I woke up this morning--for the second time, having had the joy of being awake from about 0230-0500--and came to one of those points where I have a clear choice. I can either keep hiding under my blankets and wait for it all to go away, or I can kick my ass out of gear, stand up, and take command of my life again. I locate the sphere of myself, draw the circle, and simultaneously limit and accept what I'm responsible for. This doesn't make everything okay, it doesn't hash things out with the nice girl who's justifiably irritated with me for the four or five days I was avoiding dealing with whatever lay between us (which was, I think, itself pretty irritating, regardless of how much or how little control I had over it). But I can stand up and smile and not apologize constantly, and work through it as myself.
And this is just a choice, like deciding to climb a mountain or just get off the couch to go do stuff. It just takes some time for that particular choice to become deeply apparent to me. Some of us would have been happier if I'd seen my way to that choice on, say, last Wednesday. But that's not what happened, and here we are.

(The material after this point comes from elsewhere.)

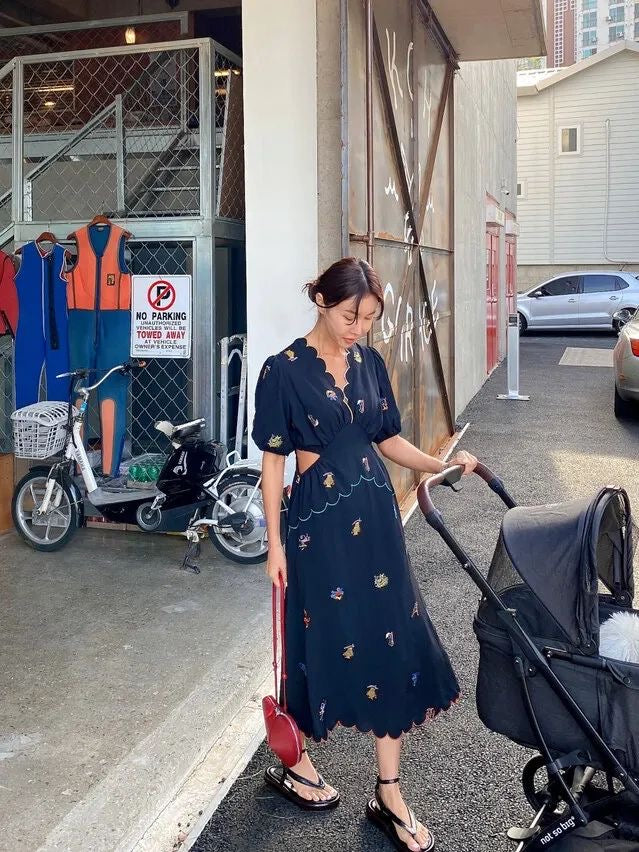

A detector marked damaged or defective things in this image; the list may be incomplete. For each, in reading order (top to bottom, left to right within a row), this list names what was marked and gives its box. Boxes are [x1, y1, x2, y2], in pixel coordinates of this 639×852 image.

rusted metal door [348, 0, 458, 502]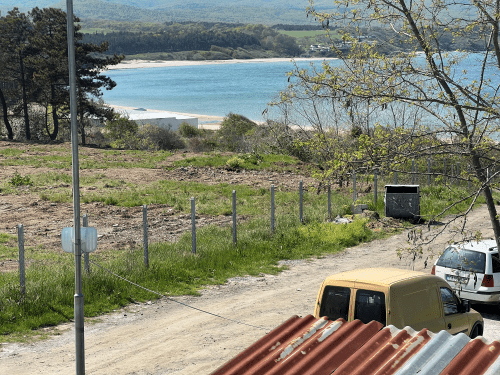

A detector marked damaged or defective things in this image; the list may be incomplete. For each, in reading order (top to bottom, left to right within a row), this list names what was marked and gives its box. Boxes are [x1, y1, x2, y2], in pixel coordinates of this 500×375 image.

rusty corrugated roof [211, 314, 500, 375]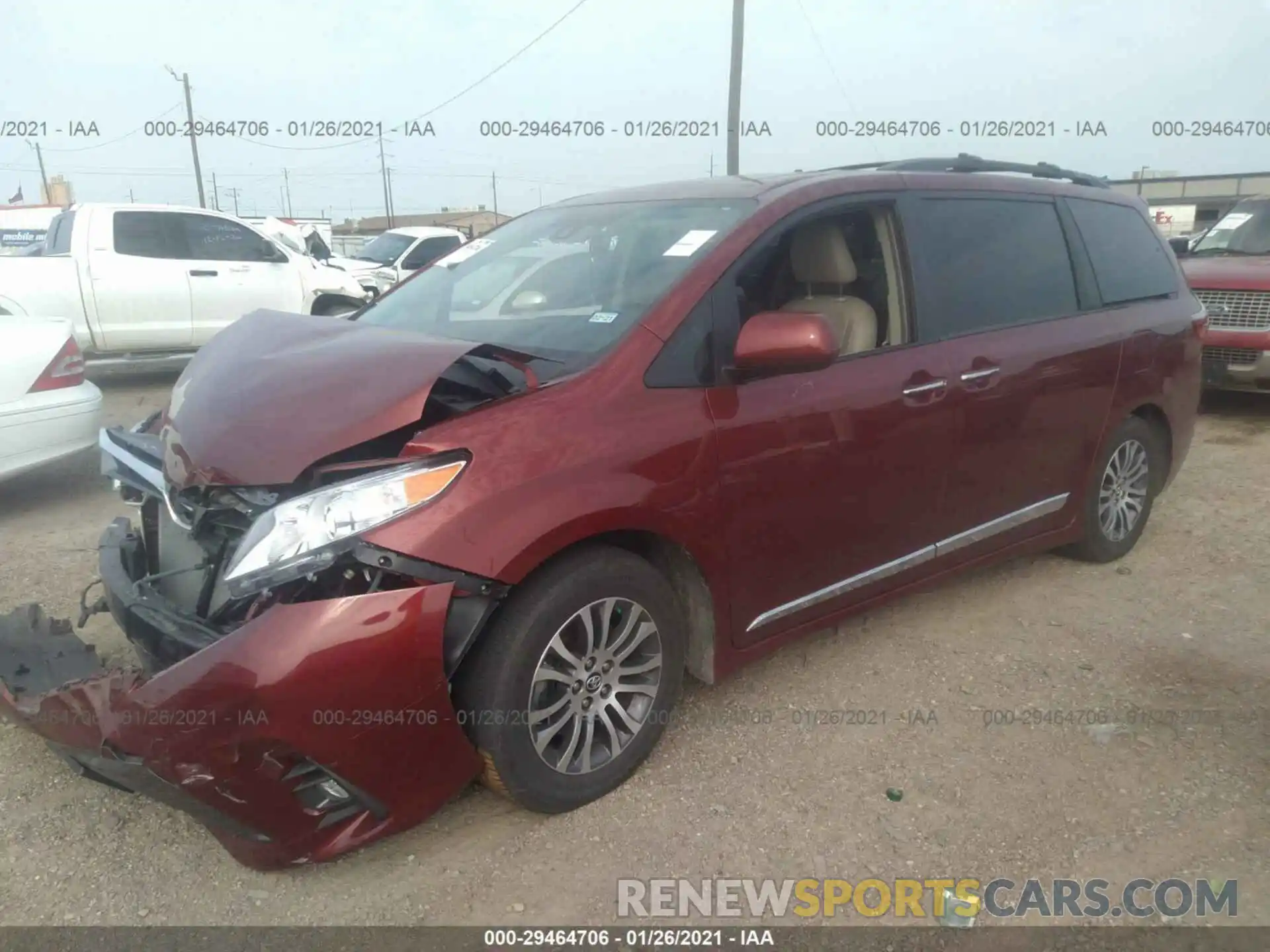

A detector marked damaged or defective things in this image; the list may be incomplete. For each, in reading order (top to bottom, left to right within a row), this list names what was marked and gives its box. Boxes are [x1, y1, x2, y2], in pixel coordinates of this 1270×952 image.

In other news, I bought new hardware, finally, for the first time since 1998. Well, mostly-new. Modern. My first new-to-me machine since, um, 2001, I think, right before I got laid off, when I thought I'd have to give back the laptop from that job. (They asked for it back twice, I was set to give it back and said sure, if they could meet me in the East Bay someplace I'd get it to them. No response, but screw them: nobody who lies to me like they did gets me to haul my ass into San Francisco to make their lives easier.) I am stunned by how unsanely cheap computers are: this an AMD Athlon 2.2GHz, 260MB RAM, 160gig hard drive, DVD/CD reader/writer, relatively nice graphics card, and Firewire card, on a nice motherboard with onboard sound and 4 USB ports, in a good case, for $350. It's crazy. I remember when 6 megabyte hard drive cost many thousands of dollars. What the hell.
I have an active job lead...it's in San Francisco, so I'm being cautious, but we'll see what happens. I got another lead on a job about 2 miles from the house. w00t!